=== Action item ===
From the first line below to the last, reproduce the material exactly and leave out the images.

=== Data provided ===

━━━━━━━━━━

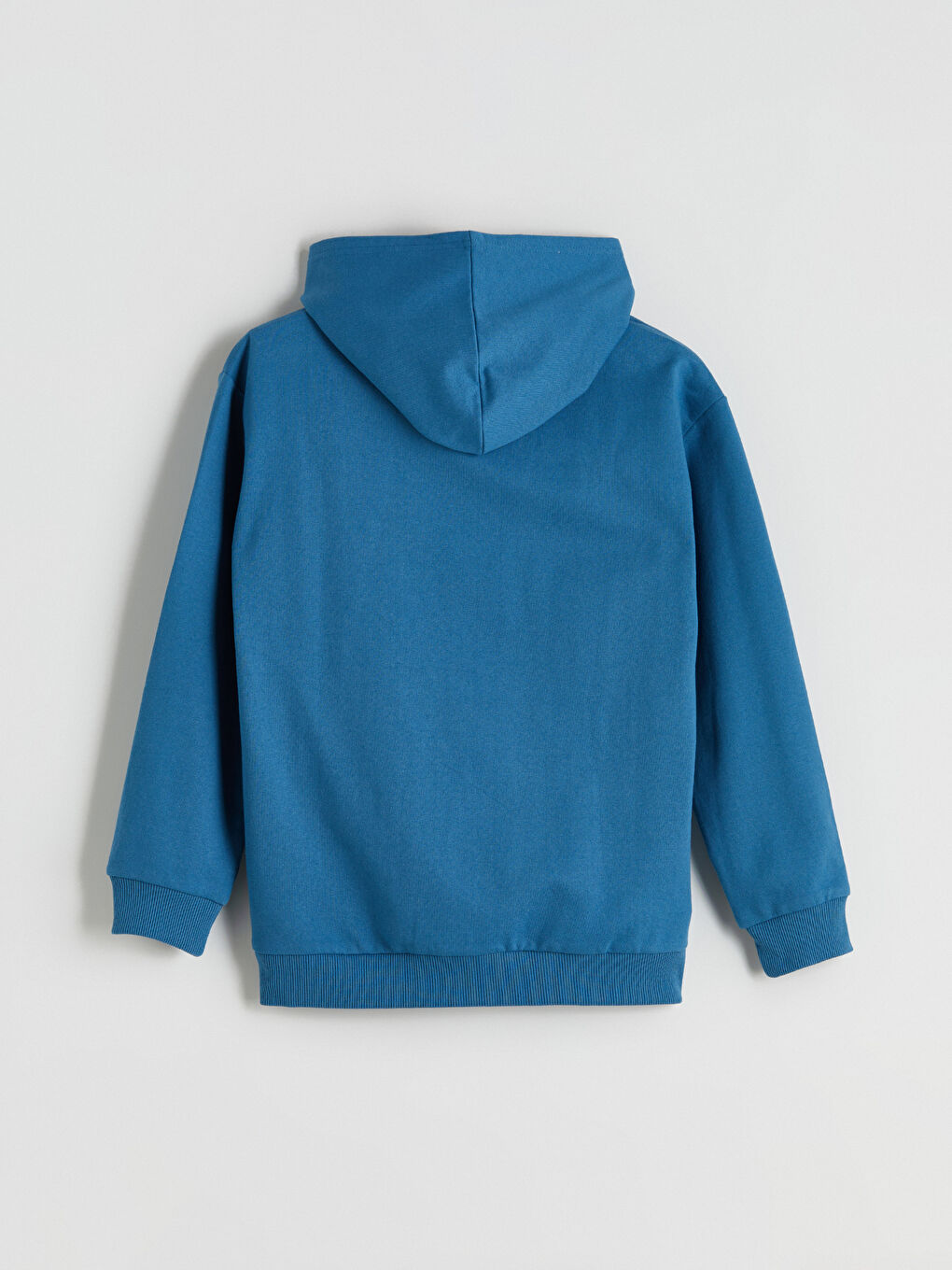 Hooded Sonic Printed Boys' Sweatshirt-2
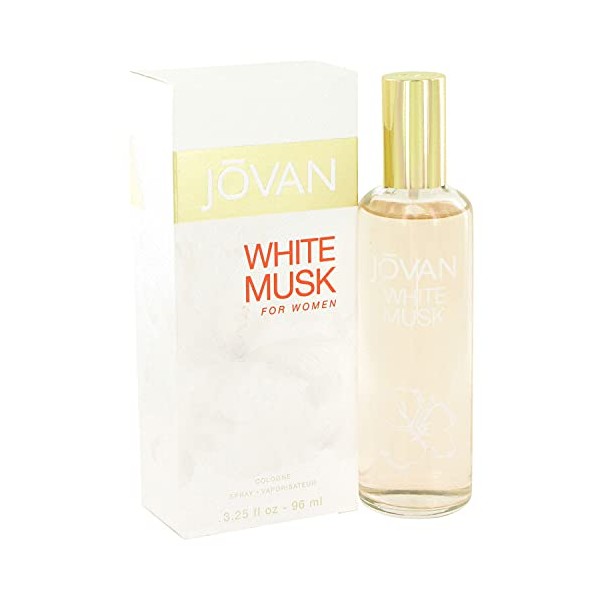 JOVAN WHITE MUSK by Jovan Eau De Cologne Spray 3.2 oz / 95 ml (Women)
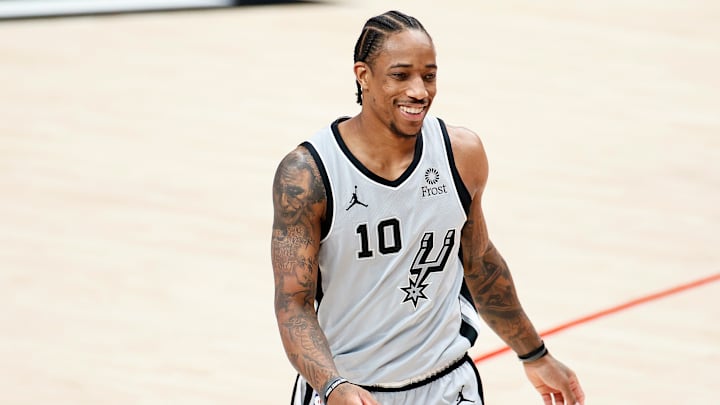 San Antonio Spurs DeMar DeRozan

━━━━━━━━━━

=== Solved problem ===
 Hooded Sonic Printed Boys' Sweatshirt-2
 JOVAN WHITE MUSK by Jovan Eau De Cologne Spray 3.2 oz / 95 ml (Women)
 San Antonio Spurs DeMar DeRozan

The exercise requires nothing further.